-- Opening Marker --
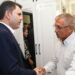 Bakan Kurum'dan depremzede Yusuf ve dedesine ziyaret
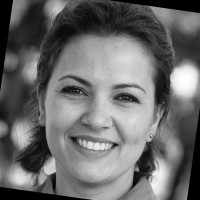 Coralie Parrot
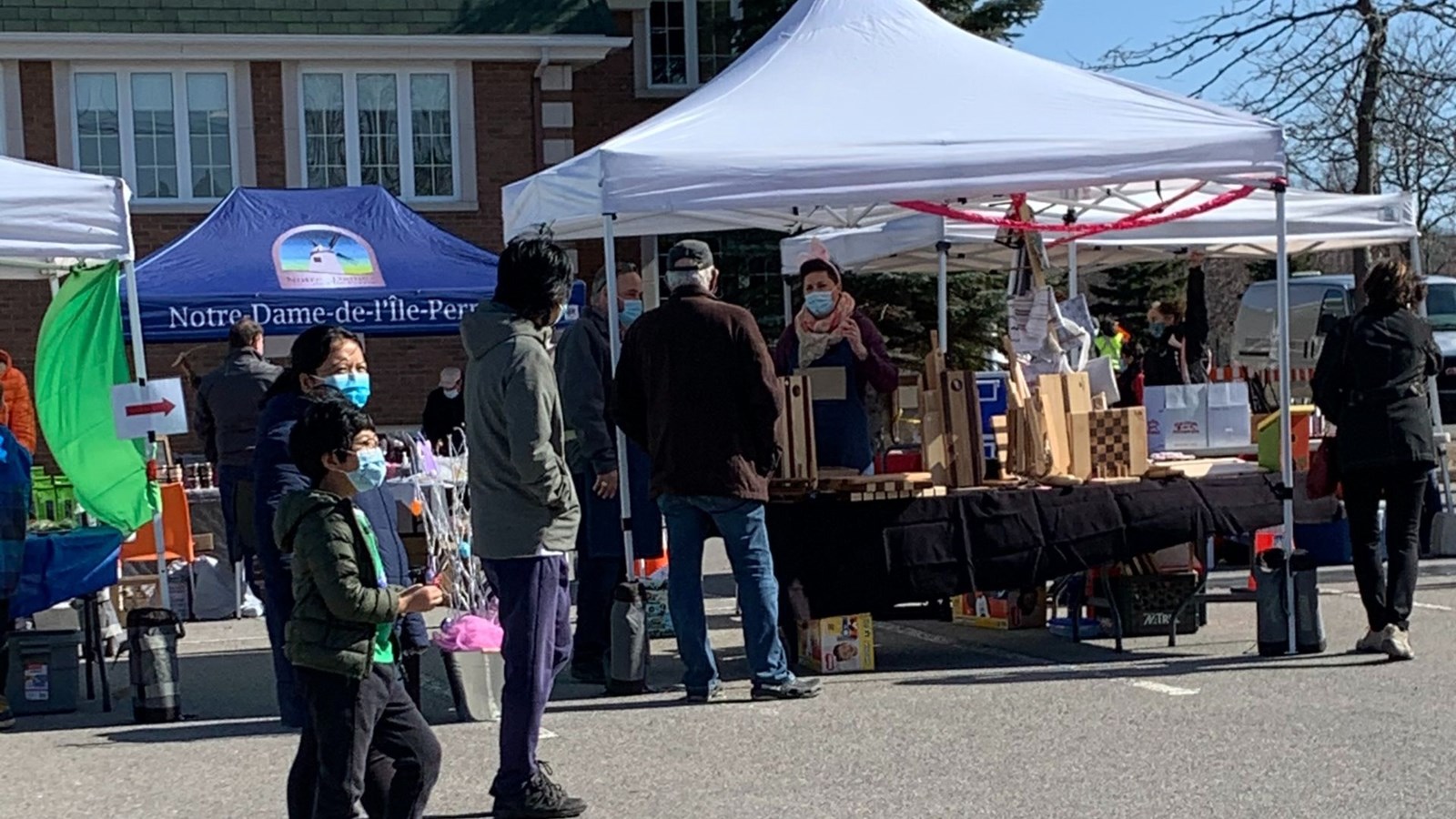 L'ouverture du Marché des Saveurs mensuel au Carrefour Notre-Dame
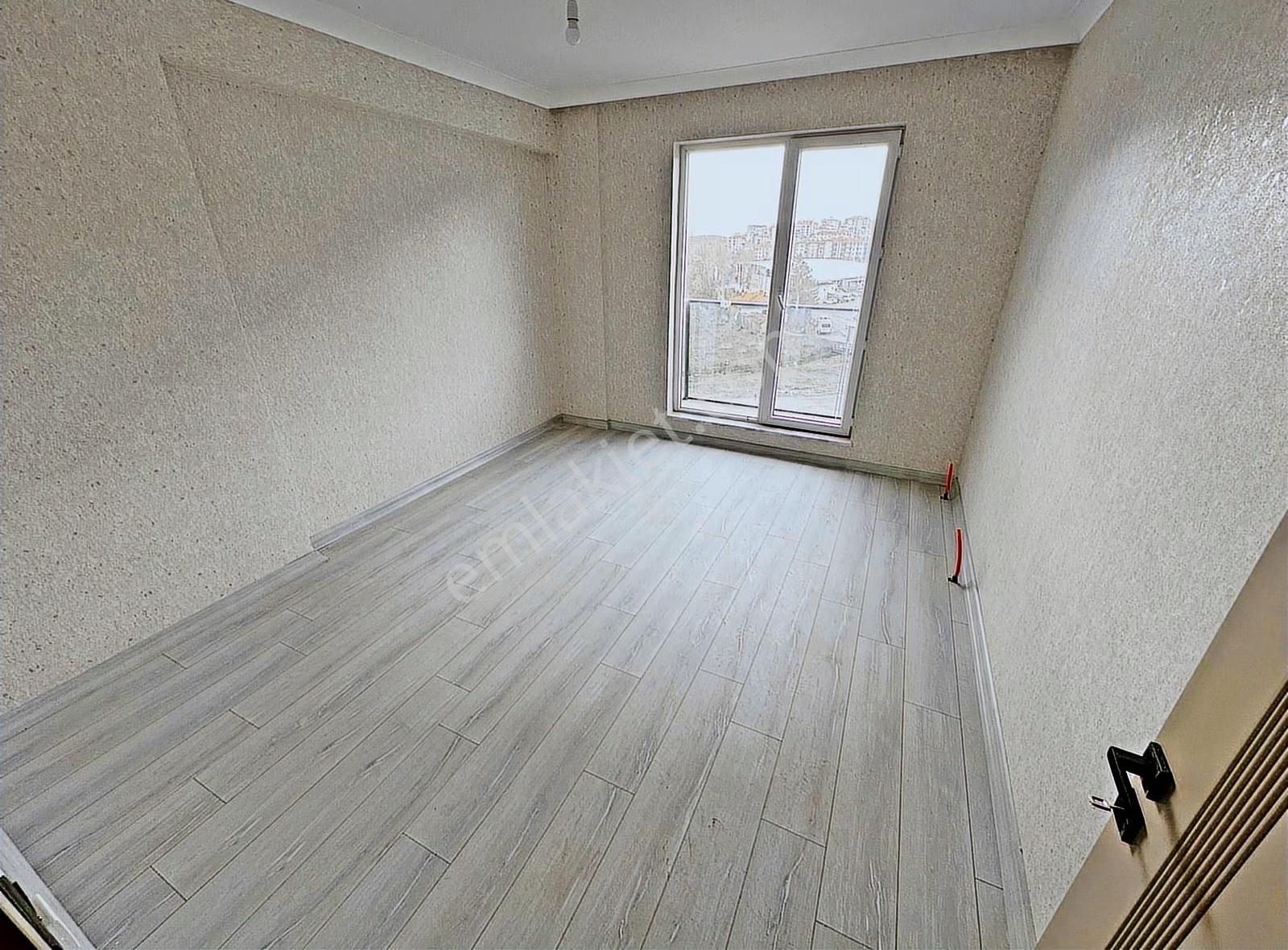 Keçiören'de 145m² Full Yapılı, Teras Balkonlu 3+1 Daire - Görsel 18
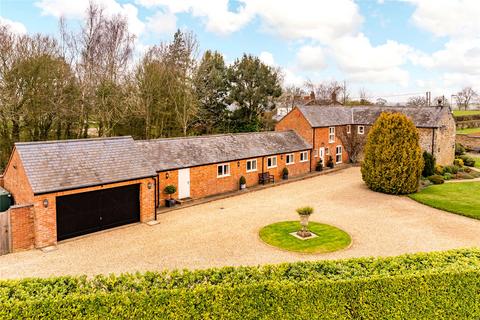 undefined, Woodford Hill, Woodford Halse, Daventry, Northamptonshire, NN11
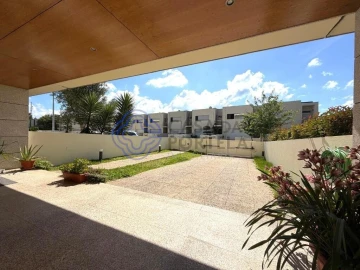 Moradia T3 para Venda em Creixomil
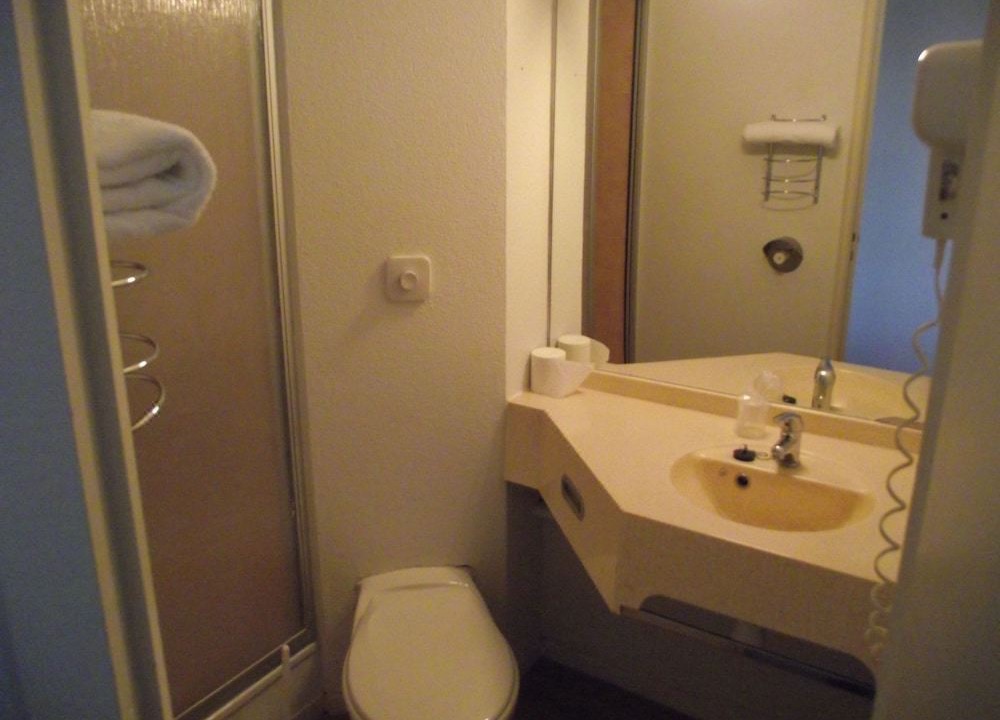 Photo of Bathroom in La Chapelle-Saint-Luc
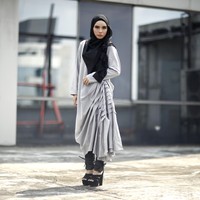 Wardrobe: HIJUP. Fotografer: Moh. Abdoeh (Detikcom). Makeup Artist: Wardah Beauty. Stylist: Alissa Safiera & Kiki Oktaviani. Hijab Stylist: Arina Yulistara. Model: Siti Hajar Riska Ariyanti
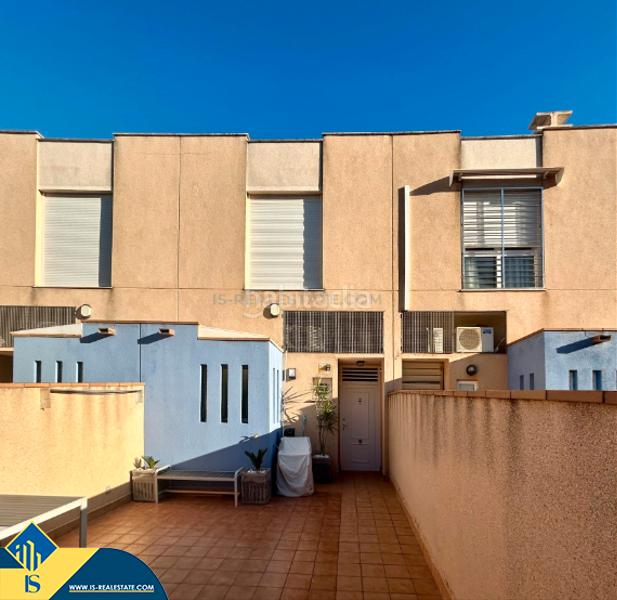 Foto 8d0c644b-4fd8-4966-a0ee-e3046ce11ffa. Chalet mit parking pool in Campoamor Orihuela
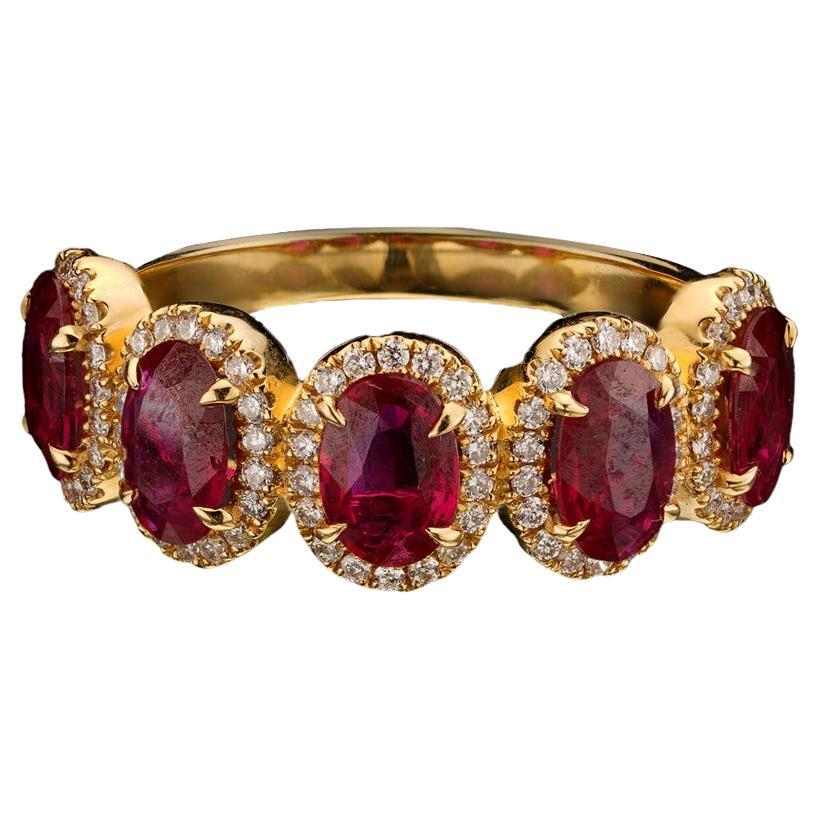 Halb-Eternity-Ring aus 18 Karat Gelbgold mit Rubinen und Diamanten im Angebot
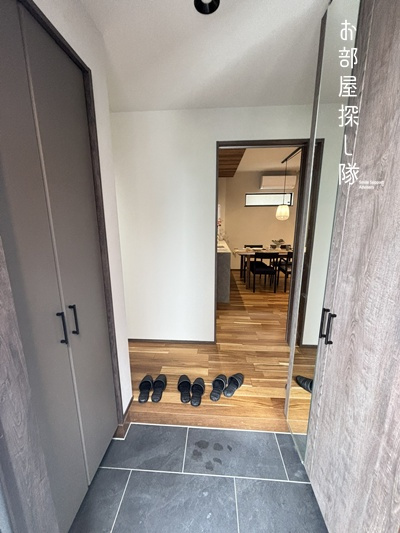 久留米市日ノ出町の新築一戸建の玄関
-- Closing Marker --
• **EXERCISE**:
Up to and including the last line of the listing, starting at the line with "Coralie Parrot", extract every line exactly and leave out the pictures.

• **TASK SOLUTION**:
 Coralie Parrot
 L'ouverture du Marché des Saveurs mensuel au Carrefour Notre-Dame
 Keçiören'de 145m² Full Yapılı, Teras Balkonlu 3+1 Daire - Görsel 18
 undefined, Woodford Hill, Woodford Halse, Daventry, Northamptonshire, NN11
 Moradia T3 para Venda em Creixomil
 Photo of Bathroom in La Chapelle-Saint-Luc
 Wardrobe: HIJUP. Fotografer: Moh. Abdoeh (Detikcom). Makeup Artist: Wardah Beauty. Stylist: Alissa Safiera & Kiki Oktaviani. Hijab Stylist: Arina Yulistara. Model: Siti Hajar Riska Ariyanti
 Foto 8d0c644b-4fd8-4966-a0ee-e3046ce11ffa. Chalet mit parking pool in Campoamor Orihuela
 Halb-Eternity-Ring aus 18 Karat Gelbgold mit Rubinen und Diamanten im Angebot
 久留米市日ノ出町の新築一戸建の玄関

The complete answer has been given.